Point2Pose: A Generative Framework for 3D Human Pose Estimation with Multi-View Point Cloud Dataset
- URL: http://arxiv.org/abs/2512.10321v1
- Date: Thu, 11 Dec 2025 06:11:24 GMT
- Title: Point2Pose: A Generative Framework for 3D Human Pose Estimation with Multi-View Point Cloud Dataset
- Authors: Hyunsoo Lee, Daeum Jeon, Hyeokjae Oh,
- Abstract summary: 3D human pose estimation poses several challenges due to the complex geometry of the human body and self-cluding joints.<n>We introduce a framework that effectively conditioned the distribution of human poses and pose history.<n>We present a large-scale indoor dataset MVPose3D, which contains multiple modalities.

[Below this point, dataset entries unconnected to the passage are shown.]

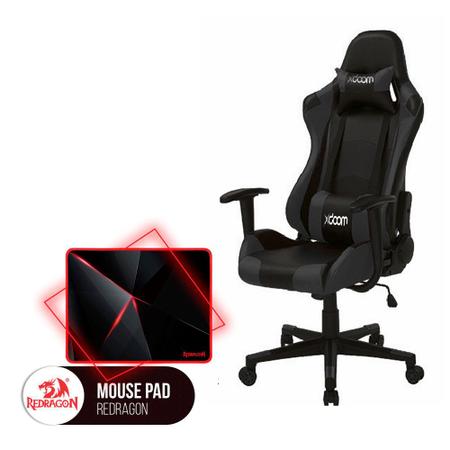 Imagem de Kit Gamer Cadeira Gamer Moob GT Racer Reclinável 180º Preto Com Mousepad Redragon Capricorn Vermelho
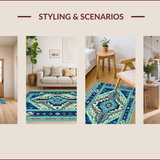 Ultra Soft Area Rug, Non Slip, Stain Resistant, Washable Area Rugs for Living Room, Bedroom, Boho Tribal Distressed Living Room Carpet(Blue)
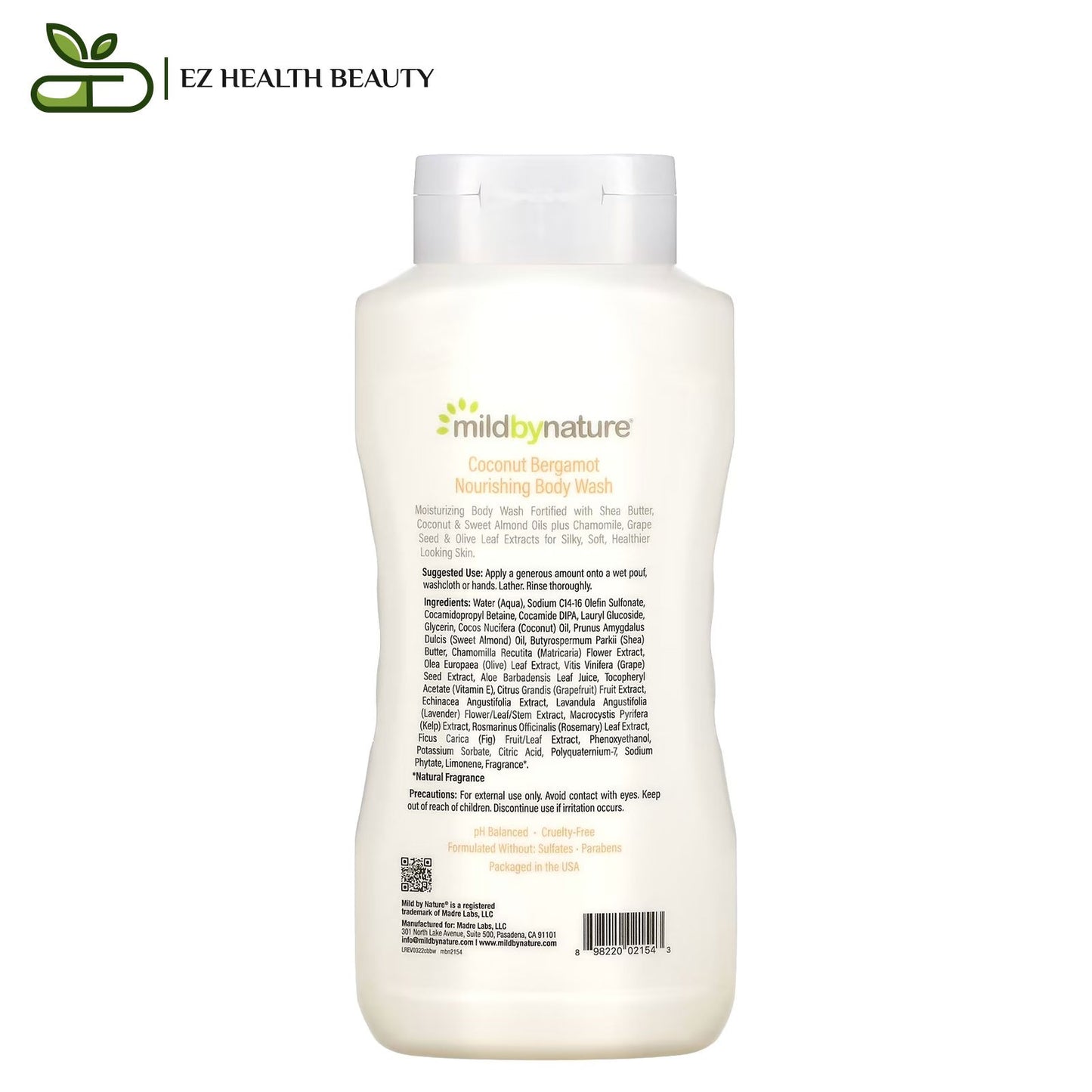 غسول استحمام للجسم Mild By Nature بجوز الهند والبرغموت لتنعيم البشرة 16 أونصة سائلة (473 مل) Mild By Nature Nourishing Body Wash Coconut Bergamot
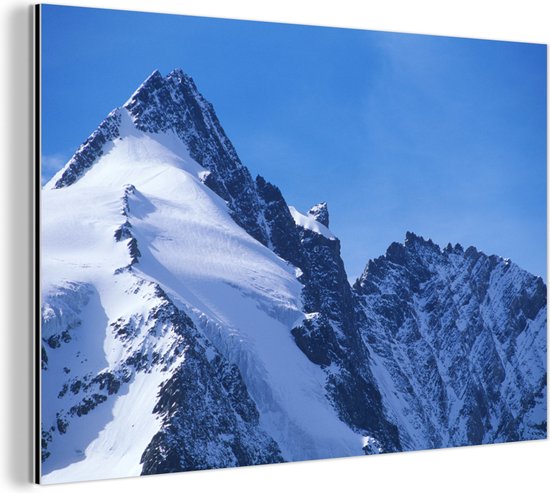 De Oostenrijkse Grossglockner met bergen in Europa Aluminium 120x80 cm - Foto print op Aluminium (metaal wanddecoratie)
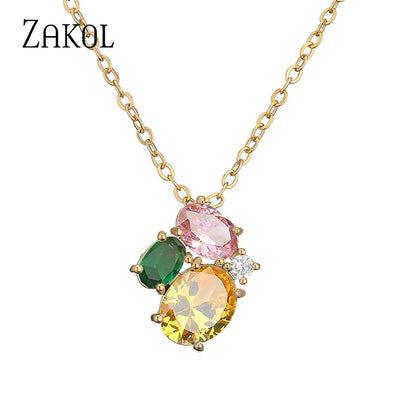 Fashion Mutilcolor Crystal Pendant Necklaces for Women Korean Oval Cubic Zirconia Necklace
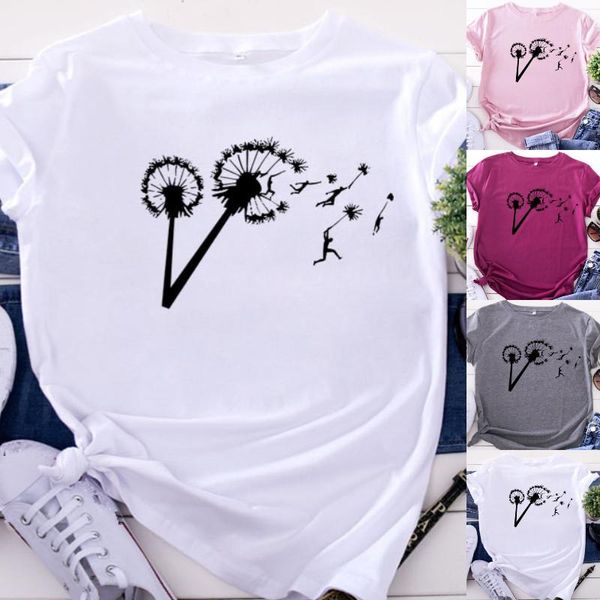 women's t-shirt plus size s-3xl dandelion flying people print tshirt women cotton o neck short sleeve summer tee casual shirts, White
women's t-shirt plus size s-3xl dandelion flying people print tshirt women cotton o neck short sleeve summer tee casual shirts, White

- Score: 6.181093777643576
- License: http://arxiv.org/licenses/nonexclusive-distrib/1.0/
- Abstract: We propose a novel generative approach for 3D human pose estimation. 3D human pose estimation poses several key challenges due to the complex geometry of the human body, self-occluding joints, and the requirement for large-scale real-world motion datasets. To address these challenges, we introduce Point2Pose, a framework that effectively models the distribution of human poses conditioned on sequential point cloud and pose history. Specifically, we employ a spatio-temporal point cloud encoder and a pose feature encoder to extract joint-wise features, followed by an attention-based generative regressor. Additionally, we present a large-scale indoor dataset MVPose3D, which contains multiple modalities, including IMU data of non-trivial human motions, dense multi-view point clouds, and RGB images. Experimental results show that the proposed method outperforms the baseline models, demonstrating its superior performance across various datasets.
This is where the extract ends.